The teams soon emerged on to the pitch. Daisy Hill were in their all blue kit. Colls in their change strip of green shirts with black shorts. Luckily the 1930’s music had stopped booming out of the make shift sound system, allowing everybody to give their ears a rest.
The game started off at a fast pace, with challenges flying in everywhere.
I’ll be honest with you, I have no recollection of the match apart from the goals. I really should have taken a pen and paper and done a report myself, but I was far too busy doing my A-Level homework for Photography! Yes, that’s right, I now have an excuse to go to football matches!
Half time arrived with the score goalless, and I strolled around the pitch before heading to the pie hut for a brew. The queue was quite big, and with only one man running around the hut by himself, I could sense it was going to take a long time. The second half started and I was still queueing for my brew.
When I got to the front the bloke was bright pink, and sweating. Bless him. He told me it had been the busiest he’d been for years, and he hadn’t been able to watch one second of the match. He brewed up brilliantly, and handed me a china mug. It was fantastic! Off I went, back to my seat with my mug to warm up my purple hands.
A minute later and Atherton opened the scoring. It was defender Aaron Cringle who registered his first goal for the club, in rather fortuitous circumstances… although he claims he meant it! I thought rather than describing the goal myself, I would hand responsibilities over to the players themselves. So first up, here is midfielder Paul Townshend, on Cringles goal:
“Andy Walker looked up and clipped a delightful ball into Townshend. Upon hearing the shout from Cringle, he flicked the ball into the path of the advancing right back. What happened next? Only Aaron knows! His first touch took the ball out of his feet. He then looked up and spotted Colls centre forwards in the box. Choosing to ignore these options, he produced the most delicate of chips, catching the keeper off his line as the ball dropped into the back of the net.
Or, alternatively, and honestly, he miss hit a cross and it went in. The Gangnam Style celebration which followed left a lot to be desired!”

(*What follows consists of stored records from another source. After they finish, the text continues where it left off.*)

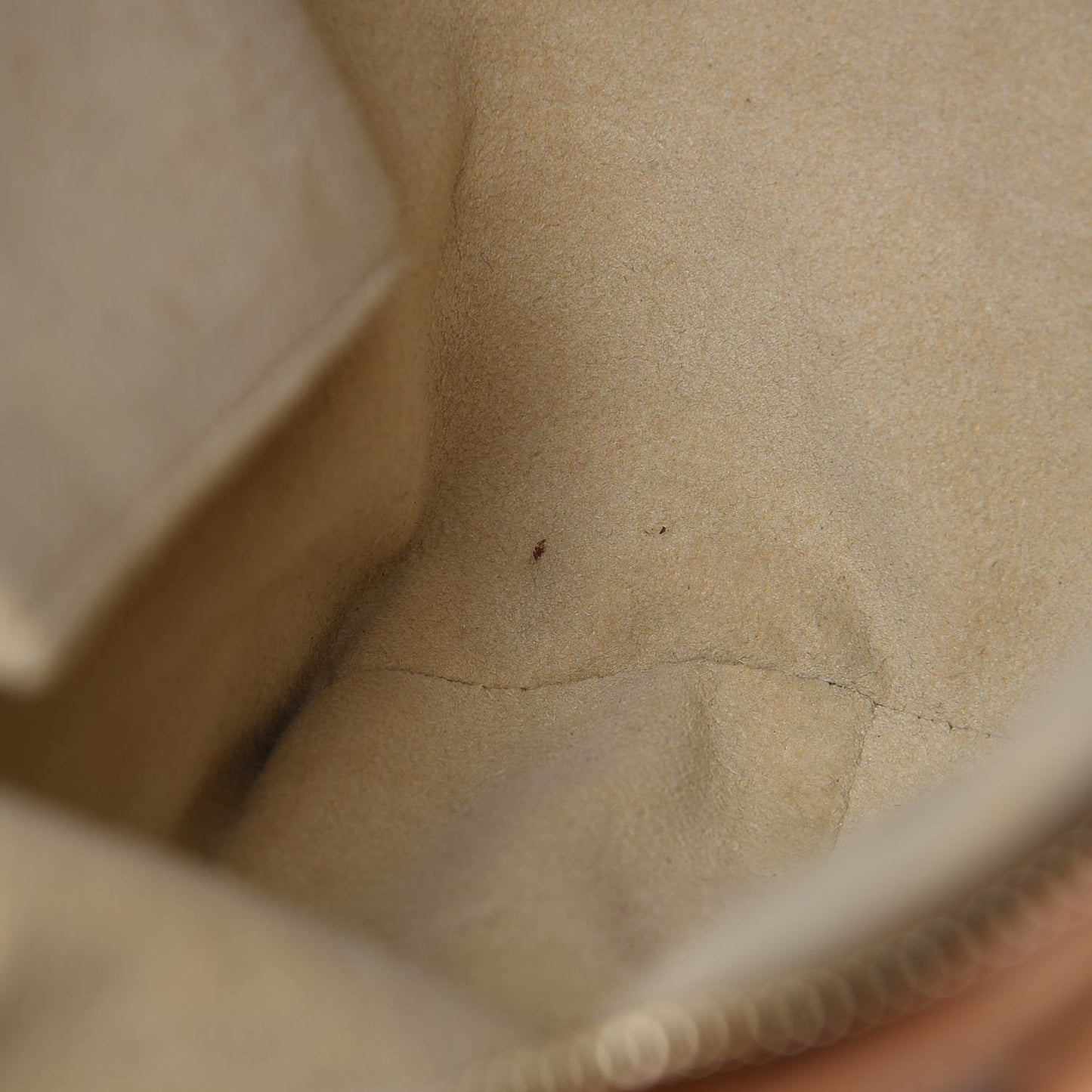 Monogram Boetie PM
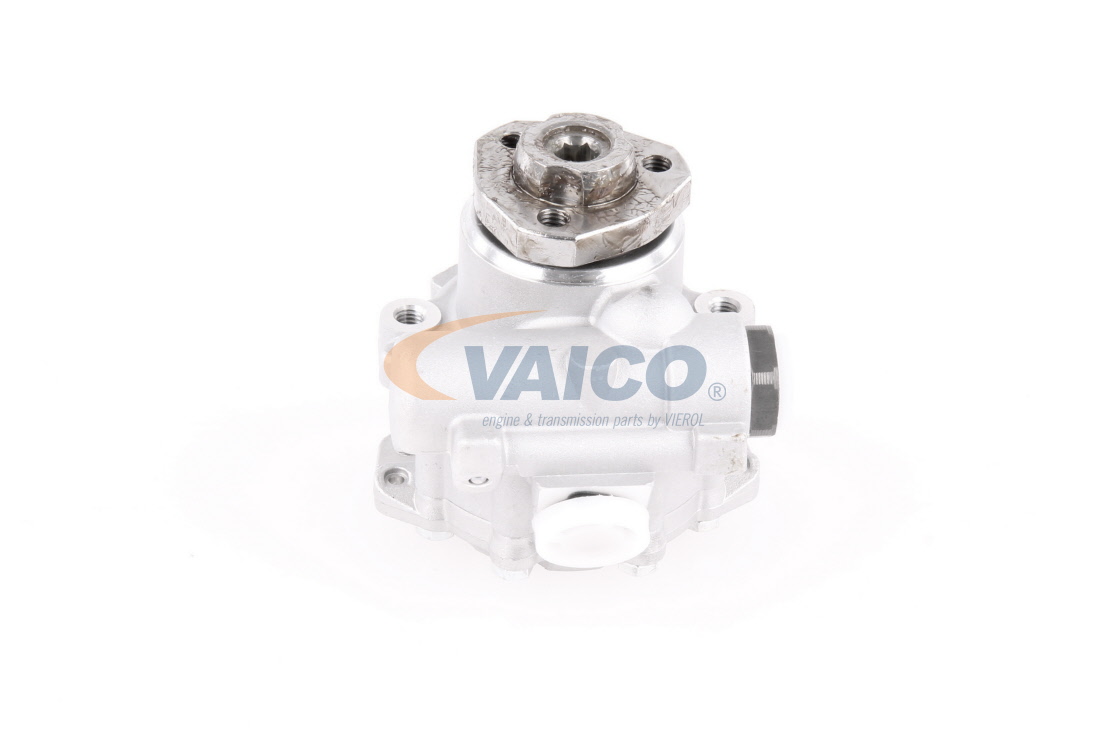 VAICO V10-0567 Stuurbekrachtigingspomp VW T4 Transporter 2.5 110 Pk ACU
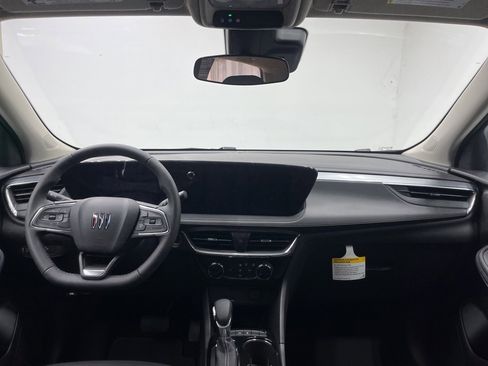 New 2026 Buick Encore GX Sport Touring image 6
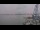 Webcam in Rostock, 0.2 mi away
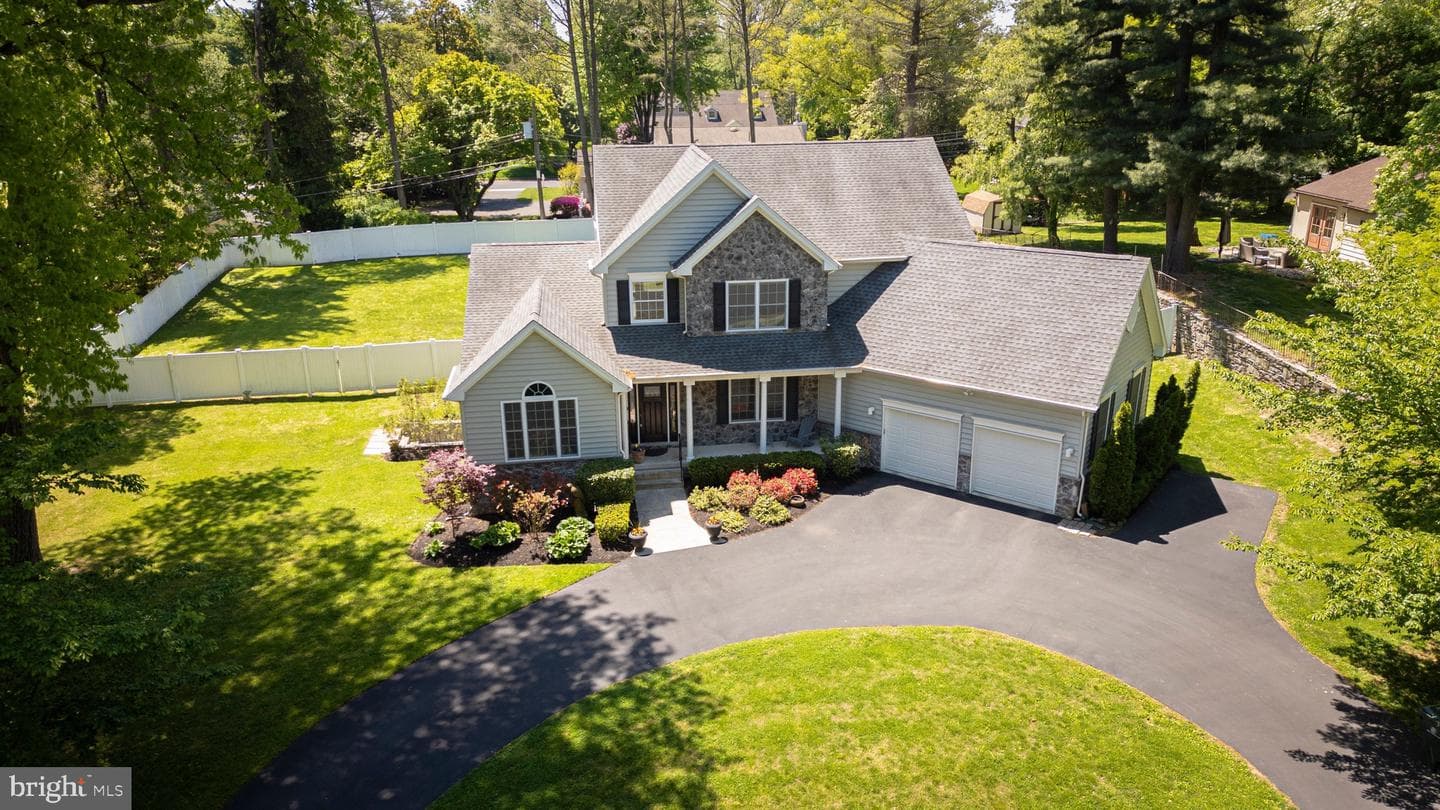 1086 Kingsley Road photo 5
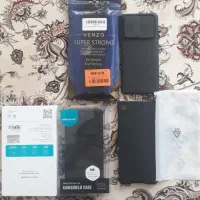 مقداری وسایل منزل قیمت توافقی|حراج|بروجرد, |دیوار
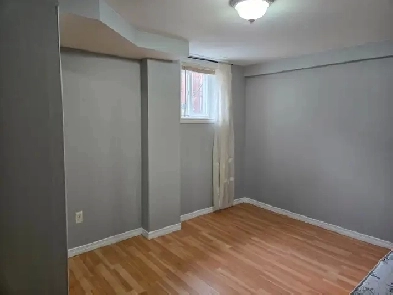 2 Bedroom Basement for rent in Brampton Image# 1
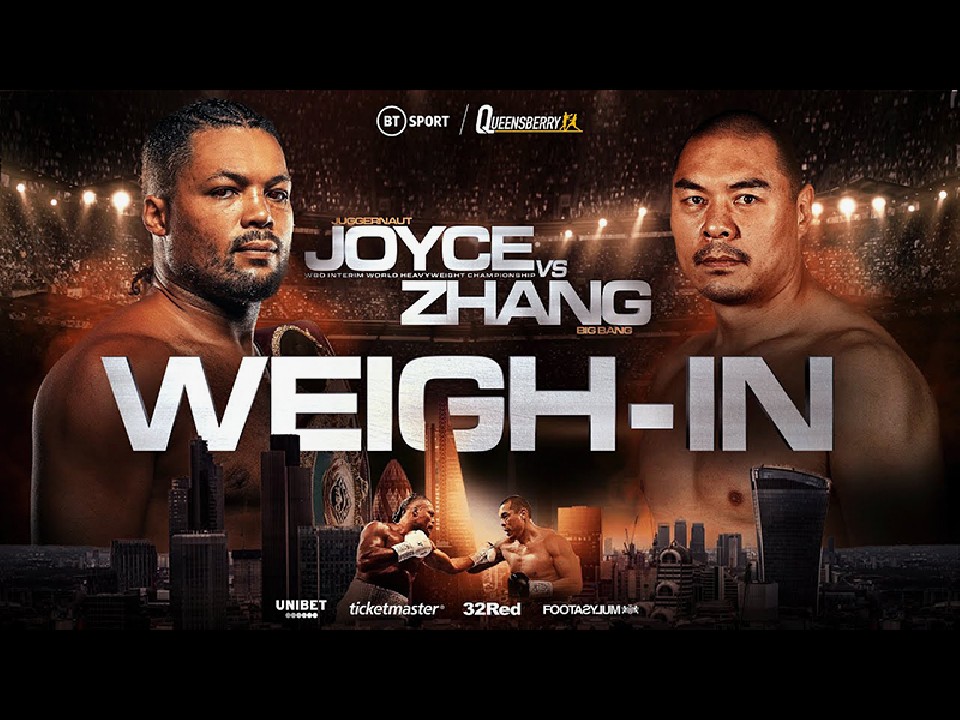 WBO���E�w�r�[���b��^�C�g���}�b�`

After receiving that description, I thought it would only be fair to let Aaron describe his first ever Colls goal too:
“I gave Townshend the shout to flick it on, as I was free behind them. As it was coming to me, I looked up and saw Paul Atherton at the back post. The keeper looked like he was coming out, as if I was going to cross it into Paul. So I decided to put the ball towards the back of the goal, and luckily enough it went in!”
BUT AARON! ANSWER THE QUESTION! DID YOU MEAN IT?
“Yeah! I did mean it! Because if it was a cross it was a shocking one!”
After us lot had debated the goal for a bit the home team found their way back into the match. Equalising on 67 minutes they took full advantage of a goalkeeping error by Carl Williams. Atherton should have cleared their lines, but instead found themselves defending a throw in. The ball was thrown in, and the Daisy Hill striker held play up by playing keepy uppy. He then looped the ball rather hopefully into the area, where again, it wasn’t cleared fully. The ball fell to Daniel Gregory who passed the ball into the bottom right hand corner to equal the scores.
With just 4 minutes remaining, Atherton grabbed a winner. A cross in from the right by Paul Townshend left the keeper in no mans land. Defender Matthew Boland then went to head the ball back to his keeper, only to find that he was miles off his line. The ball took an eternity to roll over the line, but it went in, much to the pleasure of the travelling Colls Ultras.
The game finished. Atherton had won with two lucky goals, but did they care? No. It’s that bit of luck which had deserted the team of late, and hopefully the team will use it as a springboard to start their season properly. I talk about luck, but probably in the wrong context. Atherton were good for their money, and definitely deserved to take all 3 points. To top off a pleasing day, it was good to see that the new players had settled in, and put in good performances.